Thanks level drummer and well said. The saltwater part of fishforums needs lots of help before it will ever grow.


----------



## leveldrummer

CollegeReefer said:


> Thanks level drummer and well said. The saltwater part of fishforums needs lots of help before it will ever grow.


i know of at least 5 people that have never had a tank before, they went out, bought a nano cube, with just a tiny bit of bad advice from a fish store, they stocked it, and it has been doing great for a couple years, its actually very simple.


----------



## fishfingers

Yeah thanks for sticking up for us LD. As I've said in another post I've found most people here to be very helpful but tbh TOS's comment did cut a little deep. I tend to ignore things like that though.

Its good to hear you know of some people who have done a nano tank on their first go. I'm sure it could be done, but I've never talked to anyone whos done it, with people usually saying "it's to hard, I'll learn with FW first". Now that I've accomplished tropicals, cichlids and reef tanks, I'm surprised I thought this when I first began. You sum everything up nicely, well done.


----------



## Damon

leveldrummer said:


> instead they could have been doing salt water from the beginning, and know how a skimmer works, and know about the proper lighting, and know why crushed coral and other mechanical filters are junk. get some good lights, a good skimmer, and some live rock. BOOM instant reef, change a couple gallons every week, and keep it topped off, what else is there?


There is know about liverock placement, waterflow importance for different types of corals, fish who will or will not nip at corals, coral placement, what to look for when purchasing a coral, how to treat a sw tank (different than fw), hitchhikers than can arrive and if they are good or bad. I could go on but you know this stuff already................

Again I'm not saying it cant be done. Its just much harder.........
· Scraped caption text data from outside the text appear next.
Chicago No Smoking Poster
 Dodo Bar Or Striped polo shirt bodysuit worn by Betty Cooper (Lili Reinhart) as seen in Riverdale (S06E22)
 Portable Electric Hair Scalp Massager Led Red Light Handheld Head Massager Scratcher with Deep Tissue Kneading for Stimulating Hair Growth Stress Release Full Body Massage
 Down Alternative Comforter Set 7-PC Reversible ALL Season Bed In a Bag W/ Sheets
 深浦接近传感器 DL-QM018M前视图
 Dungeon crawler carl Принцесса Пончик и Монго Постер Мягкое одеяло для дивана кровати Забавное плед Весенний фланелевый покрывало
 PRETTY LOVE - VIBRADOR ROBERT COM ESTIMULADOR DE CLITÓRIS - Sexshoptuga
And for every 1 person you know that started with a nano and it thrived, I can list 10 who failed..........


----------



## CollegeReefer

Damon said:


> There is know about liverock placement, waterflow importance for different types of corals, fish who will or will not nip at corals, coral placement, what to look for when purchasing a coral, how to treat a sw tank (different than fw), hitchhikers than can arrive and if they are good or bad. I could go on but you know this stuff already................
> 
> Again I'm not saying it cant be done. Its just much harder.........
> 
> And for every 1 person you know that started with a nano and it thrived, I can list 10 who failed..........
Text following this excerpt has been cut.